Support for LDP Eroding in Campaign’s Homestretch; Japanese Public’s Anger at Funds Scandal Flares Anew

Prime Minister Shigeru Ishiba is aware his Liberal Democratic Party is losing ground in the final stage of campaigning for the House of Representatives election.

“This is our most difficult election since we returned to power,” Ishiba said during a speech to the public on a street in Kawanishi, Hyogo Prefecture, on Thursday. “We are contesting this election amid the strongest of headwinds.”

This view is backed up by a Yomiuri Shimbun survey that revealed support for LDP candidates in 31 constituencies has slipped as the campaign enters its closing days. Fierce public anger over money scandals involving LDP politicians has left Ishiba, who also is LDP president, working flat-out to somehow ensure the ruling coalition parties achieve his goal of winning 233 seats, the minimum for a majority in the 465-seat lower house. At the same time, Constitutional Democratic Party of Japan leader Yoshihiko Noda is stepping up his attacks on the ruling parties.

Public criticism of the scandal in which several LDP factions failed to record funds in political fund reports had been strong when revelations of this wrongdoing emerged, but that outrage seems to have intensified as the election campaign has progressed. The LDP’s provision of ¥20 million, funded from government subsidies granted to political parties, to local branches headed by candidates who were not officially endorsed by the party due to their involvement in the funds scandal also has bewildered some LDP members.

“Regardless of how legal those payments might be, it has created a terrible impression in the public’s eye,” an LDP member who has experience as a cabinet minister said. “It has made a difficult situation even tougher.”

Ishiba lobbed some criticism at the opposition parties during his speech. “This nation must never be left in the hands of irresponsible people,” Ishiba said. However, the prime minister’s comments seemed to have little impact.

Noda brought up the ¥20 million payments while speaking to the public in Yokohama on Thursday. “There’s no way your tax money should be used like that and transferred to people who haven’t been endorsed by a political party,” Noda said to the crowd. “If the LDP and Komeito lose their majority, Japanese politics will change dramatically.”

CDPJ hot on LDP’s heels

The LDP’s struggles in this campaign were highlighted by the fact that 20 constituencies in which the party held the upper hand have now become tight races.

In Hokkaido Constituency No. 7, Takako Suzuki had a lead during the early phase of the campaign, but CDPJ candidate Naoko Shinoda has rapidly eaten into that advantage.
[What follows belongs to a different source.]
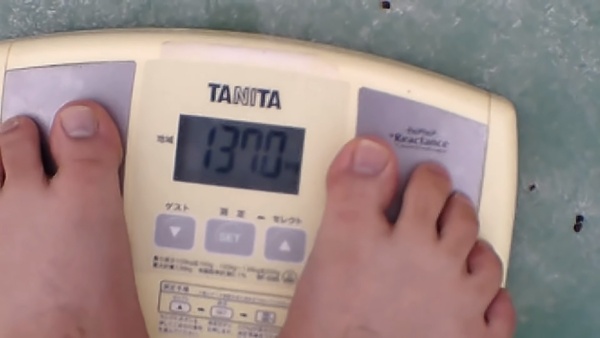 fit_03.jpg fit_03.jpg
In Fukui Constituency No. 1, a conservative stronghold, former Defense Minister Tomomi Inada has been pegged back to a neck-and-neck race with CDPJ rookie Tsubasa Hatano. In Miyazaki Constituency No. 2, Democratic Party for the People candidate Shinji Nagatomo has been gaining momentum quickly and is breathing down the neck of former Agriculture, Forestry and Fisheries Minister Taku Eto.

LDP candidates in 11 constituencies that had been tight races now find themselves trailing their rivals. In Miyagi Constituency No. 4, former Environment Minister Shintaro Ito had been locked in a close contest with the CDPJ’s Jun Azumi. However, Azumi has pulled ahead during the final days of the campaign. In Hyogo Constituency No. 1, former Education, Culture, Sports, Science and Technology Minister Masahito Moriyama has fallen behind the CDPJ’s Nobuhiko Isaka.

The 44 LDP members who were involved in the political funds scandal and are running as candidates in this election continue to face uphill battles, and several former cabinet ministers are in races poised to go down to the wire. In Tokyo Constituency No. 17, former Reconstruction Minister Katsuei Hirasawa — who is an unendorsed candidate — held a lead in the campaign’s early stages, but now there is only a whisker between him and the DPFP’s Yoriko Madoka.

Former Education, Culture, Sports, Science and Technology Minister Hakubun Shimomura in Tokyo Constituency No. 11 and former Reconstruction Minister Tsuyoshi Takagi in Fukui Constituency No. 2 have fallen behind in their races.

Several ministers targeted

The CDPJ’s strategy in the election campaign’s closing phase is to gain even more seats by blasting the LDP over its “money in politics” scandals and chipping away at the ruling party’s support base.

The CPDJ is sending party heavyweights to campaign in tightly contested constituencies and constituencies in which unendorsed LDP candidates are running. The CDPJ also has trained its sights on four cabinet ministers in tight tussles with CDPJ candidates. The CDPJ hopes that defeating these ministers in their single-seat constituencies — Justice Minister Hideki Makihara in Saitama Constituency No. 5, Minister of State for Disaster Management Manabu Sakai in Kanagawa Constituency No. 5, Reconstruction Minister Tadahiko Ito in Aichi Constituency No. 8, and Agriculture, Forestry and Fisheries Minister Yasuhiro Ozato in Kagoshima Constituency No. 3 — will jolt the foundations of the Ishiba Cabinet.